▶ EXERCISE DIRECTIONS: The listing below holds pictures; exclude them. Return exactly the lines from the one with "A car is parked" through the one with "spare room featuring light colored carpet".

▶ DATA:
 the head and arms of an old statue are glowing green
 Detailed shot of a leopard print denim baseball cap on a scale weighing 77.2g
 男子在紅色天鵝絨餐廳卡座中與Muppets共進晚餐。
---
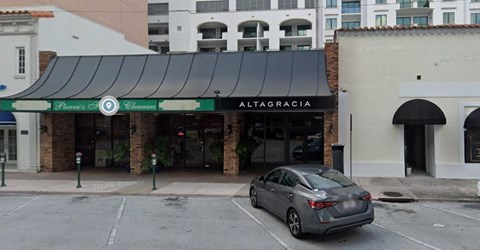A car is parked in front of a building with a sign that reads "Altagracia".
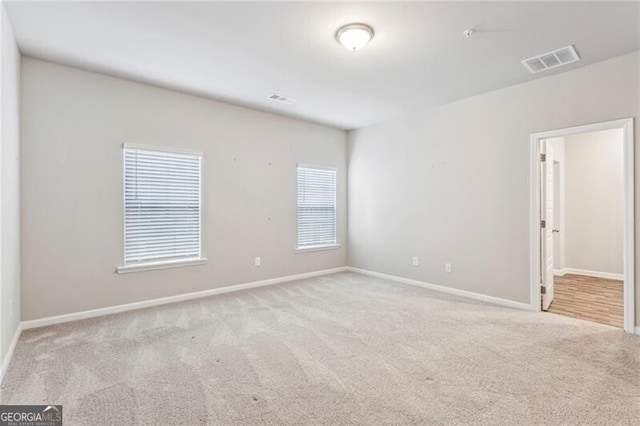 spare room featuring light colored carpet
...
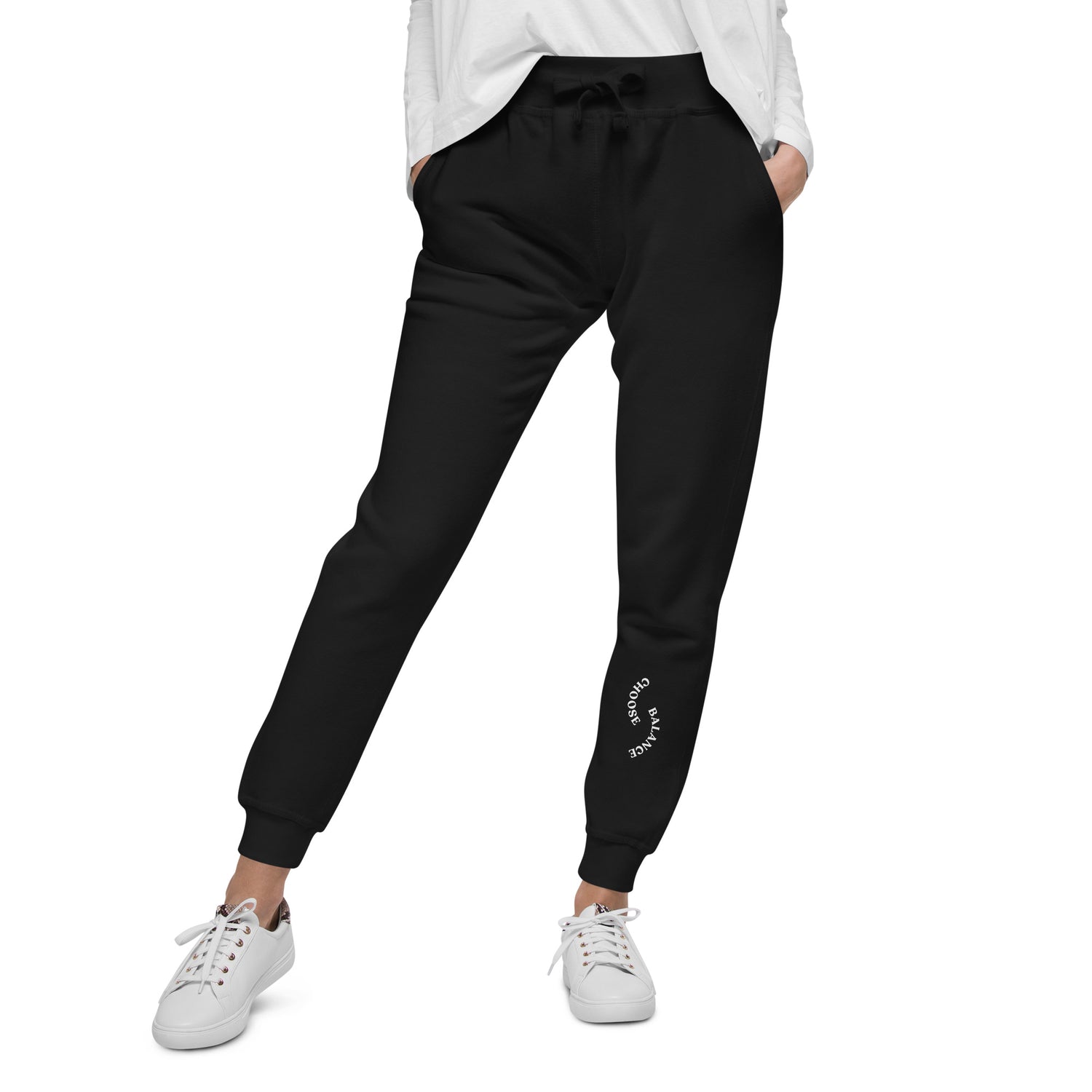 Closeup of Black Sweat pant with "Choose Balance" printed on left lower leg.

▶ RESULT:
A car is parked in front of a building with a sign that reads "Altagracia".
 spare room featuring light colored carpet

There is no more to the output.